Es un cine situado en unas galerías del centro de la ciudad, unas
galerías que otrora fueron pomposas y llenas de vida y que hoy parecen el
esqueleto de una enorme ballena, con tiendas cerradas y vacías de gente.
Parece
que este cine, en contra de la voluntad popular y de un estado que le pone
cadenas en forma de IVA a la cultura, quiere sobrevivir, como un pez que fuera
del agua da bocanadas y se mueve espasmódicamente para conseguir llegar de
nuevo al río. Y en este intento oferta al público la compra de una entrada válida
para todas las películas de la jornada. Sólo de pensarlo, de nuevo se me hace
la boca agua; unas mejores, otras peores, pero, al fin y al cabo, es cine, cine
a precio casi de coste. Cultura a precio real, a un precio asequible; de otra
forma no podríamos ver cuatro películas seguidas. Arruinados estaríamos los que,
como Gal·la y yo, nos apasiona el cine.
Sesiones
matutinas, eso es lo que daban en el Club Capitol y lo que yo me disponía a
hacer. Un cine a las once de la mañana, inaudito para la gente de mi edad.
Maravilloso.
No es
una exageración poética (¿poética?) si digo que en la primera sesión estábamos
solos. Completamente solos. No había nadie más en la sala. Como un excéntrico multimillonario
que se construye una sala de cine en su casa. Con asientos que nunca llenará.

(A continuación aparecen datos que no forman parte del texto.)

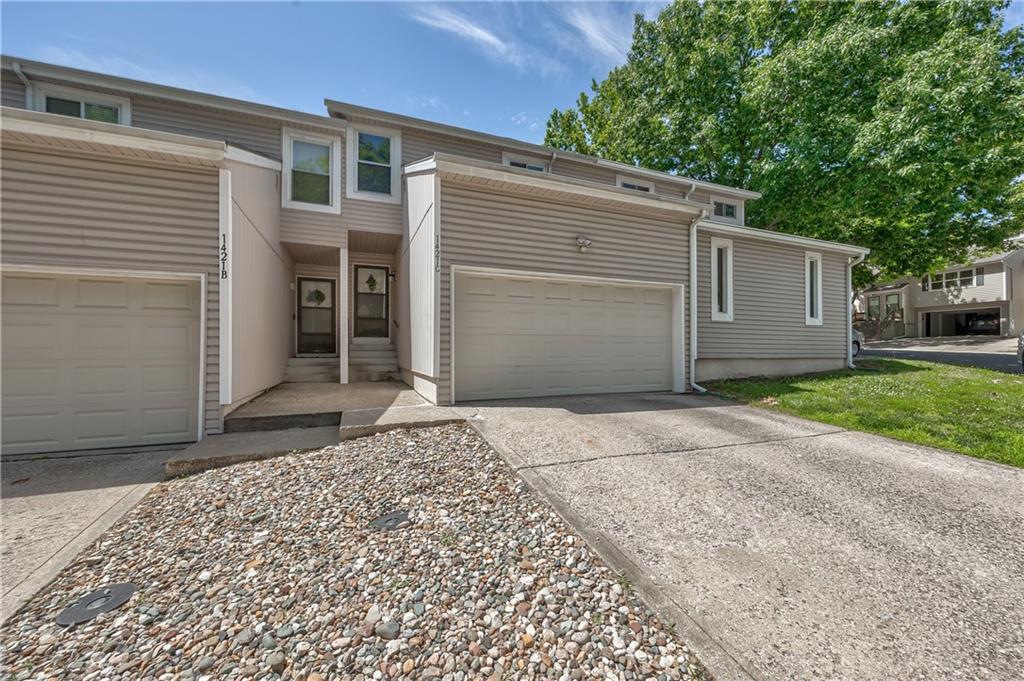 Photo 3 of 1421 E Mart-Way Circle #C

Así me sentía. Antiguo cine con un escenario que puede utilizarse para
funciones teatrales, custodiado por dos suntuosas columnas corintias pintadas
sobre el yeso muerto. Moqueta ajada y sillones blandos pisoteados durante años
por cientos de culos.
Me
apoltroné, no me descalcé por decoro, pero podría haberlo hecho, estaba en el
salón de mi casa, Gal·la sonreía, sabía que al descubrir esta promoción me
había hecho un hombre feliz. Le hablé bajito y luego reí, ante la absurdez de
hablar entre susurros en un cine que sólo contaba con dos espectadores. ¿Qué
sentido tenía eso? ¿Se acordaría el empleado de poner el rollo? ¿Recordaría que
estábamos ahí? Tenía un sentido, por supuesto. Hacerme disfrutar como un
auténtico loco. Eso había sido montado para mí. La única opción es que alguien
pensase en mí cuando montaba aquel tinglado. Un cine vacío, una buena película
en compañía de mi mujer, sólo me faltaba un buen vaso de licor y un cigarrillo,
la guinda del pastel.
Sólo
recuerdo otra vez que disfruté tanto en un cine. Acudí con un amigo a los
desaparecidos cines París del Portal del Ángel de Barcelona a ver una
reposición (en realidad no era una reposición sino el montaje del director) de Apocalypse Now. Ver una película que
hasta entonces sólo había podido ver en la diminuta pantalla del televisor de
mi casa en una enorme pantalla de cine hizo que prácticamente flotara sobre el
aterciopelado asiento. Aplaudimos a rabiar cuando salieron los títulos de
crédito. Una práctica que, como tantas otras, se ha perdido. Aplaudir a unos
actores que no saben que están siendo aplaudidos.
¡Cuatro
películas seguidas! Salimos cansados, extasiados, con los ojos débiles de tanta
oscuridad, con los huesos crujientes y con una sonrisa. Y si no tuviese que
ocupar mis manos con el teclado y otros quehaceres, es probable que aún ahora
siguiera aplaudiendo semejante genialidad, que me doliesen las palmas de las
manos de aplaudir, pero, incansable, seguiría. Aplaudiría al genio al que se le
ocurrió tal maravilla maratoniana y a la genial muchacha a la que se le ocurrió
“perder” un día entero conmigo, un par de butacas y cine a raudales.